From Computerworld Australia comes news that researchers at the University of Sydney have developed (and, sadly, patented) an algorithm that its inventors say will schedule jobs in a way that reduces energy use
The Energy Conscious Scheduling algorithm (ECS) has been patented by Young Choon Lee and Albert Zomaya at the university’s Centre for Distributed and High Performance Computing.
…ECS uses a processor’s dynamic voltage scaling (DVS) capability to map computational tasks to minimise completion time and energy use.
“Computations are typically comprised of interdependent tasks, so the need to wait for a parent task to complete can create slack and therefore wastage,” Zomaya said.
“When ECS is employed with the help of DVS capability, mapping decisions between processors, supply voltages, and tasks are streamlined to significantly lower the amount of energy required at any given time.”
The researchers are claiming that the scheduler can cut up to half (I’ve seen the range 10-160 percent) of the energy consumption without impacting operations. Interesting if true. The ECS works as middleware, without modifying the hardware, application, or operating system, by mapping both the computational performance and energy consumption of the system on representative tasks and then using that to make decisions about job scheduling.

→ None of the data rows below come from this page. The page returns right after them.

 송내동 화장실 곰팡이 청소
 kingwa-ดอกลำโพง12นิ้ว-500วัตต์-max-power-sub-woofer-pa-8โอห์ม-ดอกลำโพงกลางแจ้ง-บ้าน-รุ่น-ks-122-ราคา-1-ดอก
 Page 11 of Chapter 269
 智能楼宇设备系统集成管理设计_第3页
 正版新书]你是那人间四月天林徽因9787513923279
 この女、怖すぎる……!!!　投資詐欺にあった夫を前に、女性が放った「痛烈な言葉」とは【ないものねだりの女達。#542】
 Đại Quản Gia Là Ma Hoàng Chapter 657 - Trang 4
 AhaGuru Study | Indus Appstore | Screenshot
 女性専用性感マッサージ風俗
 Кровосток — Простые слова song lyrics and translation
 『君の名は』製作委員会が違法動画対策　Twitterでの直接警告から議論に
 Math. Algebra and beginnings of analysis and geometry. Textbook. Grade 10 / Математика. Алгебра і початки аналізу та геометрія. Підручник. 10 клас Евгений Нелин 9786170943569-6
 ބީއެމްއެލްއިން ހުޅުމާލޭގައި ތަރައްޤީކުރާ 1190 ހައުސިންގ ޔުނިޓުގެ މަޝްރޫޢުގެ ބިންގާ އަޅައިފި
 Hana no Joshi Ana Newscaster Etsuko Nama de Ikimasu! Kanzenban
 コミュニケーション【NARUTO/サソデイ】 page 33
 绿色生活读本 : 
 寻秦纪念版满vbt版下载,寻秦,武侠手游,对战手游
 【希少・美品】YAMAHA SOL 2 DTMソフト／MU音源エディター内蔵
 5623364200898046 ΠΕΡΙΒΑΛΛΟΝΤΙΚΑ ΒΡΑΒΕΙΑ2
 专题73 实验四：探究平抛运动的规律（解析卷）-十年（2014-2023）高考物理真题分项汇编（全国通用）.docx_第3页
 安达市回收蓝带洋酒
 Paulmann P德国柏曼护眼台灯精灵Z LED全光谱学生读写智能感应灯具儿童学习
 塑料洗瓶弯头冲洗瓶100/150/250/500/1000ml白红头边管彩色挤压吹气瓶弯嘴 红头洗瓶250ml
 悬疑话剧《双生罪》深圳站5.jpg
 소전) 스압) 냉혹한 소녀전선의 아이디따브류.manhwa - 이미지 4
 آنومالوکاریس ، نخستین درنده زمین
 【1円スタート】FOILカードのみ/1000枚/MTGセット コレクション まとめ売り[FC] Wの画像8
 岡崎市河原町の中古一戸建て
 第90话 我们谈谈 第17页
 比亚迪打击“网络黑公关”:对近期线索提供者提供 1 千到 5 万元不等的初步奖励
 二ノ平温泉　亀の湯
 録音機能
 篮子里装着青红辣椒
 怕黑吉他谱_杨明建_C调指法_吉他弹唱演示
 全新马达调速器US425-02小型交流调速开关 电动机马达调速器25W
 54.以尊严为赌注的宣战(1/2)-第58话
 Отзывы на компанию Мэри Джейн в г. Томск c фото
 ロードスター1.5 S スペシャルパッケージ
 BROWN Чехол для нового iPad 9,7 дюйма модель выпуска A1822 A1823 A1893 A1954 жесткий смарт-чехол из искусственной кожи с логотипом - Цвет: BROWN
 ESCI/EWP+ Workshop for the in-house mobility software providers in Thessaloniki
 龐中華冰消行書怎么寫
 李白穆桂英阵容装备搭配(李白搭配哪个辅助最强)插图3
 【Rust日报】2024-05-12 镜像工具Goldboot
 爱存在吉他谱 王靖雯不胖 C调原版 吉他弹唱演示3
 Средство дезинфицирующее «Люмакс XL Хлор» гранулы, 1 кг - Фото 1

One imagines that in order to create a map dense enough to make good decisions a lot of benchmarking would be needed, but of course some of the requisite datapoints could come from operational processing.
The trade press is a little light on details, but the authors published a paper in the proceedings of the 2009 9th IEEE/ACM International Symposium on Cluster Computing and the Grid. From the abstract of that paper
Jobs on high-performance computing systems are deployed mostly with the sole goal of minimizing completion times. This performance demand has been satisfied without paying much attention to power/energy consumption. Consequently, that has become a major concern in high-performance computing systems. In this paper, we address the problem of scheduling precedence-constrained parallel applications on such systems—specifically with heterogeneous resources—accounting for both application completion time and energy consumption. Our scheduling algorithm adopts dynamic voltage scaling (DVS) to minimize energy consumption. DVS can be used with a number of recent commodity processors that are enabled to operate in different voltage supply levels at the expense of sacrificing clock frequencies. In the context of scheduling, this multiple voltage facility implies that there is a trade-off between the quality of schedules and energy consumption. Our algorithm effectively balances these two performance goals using a novel objective function, which takes into account both goals; this claim is verified by the results obtained from our extensive comparative evaluation study.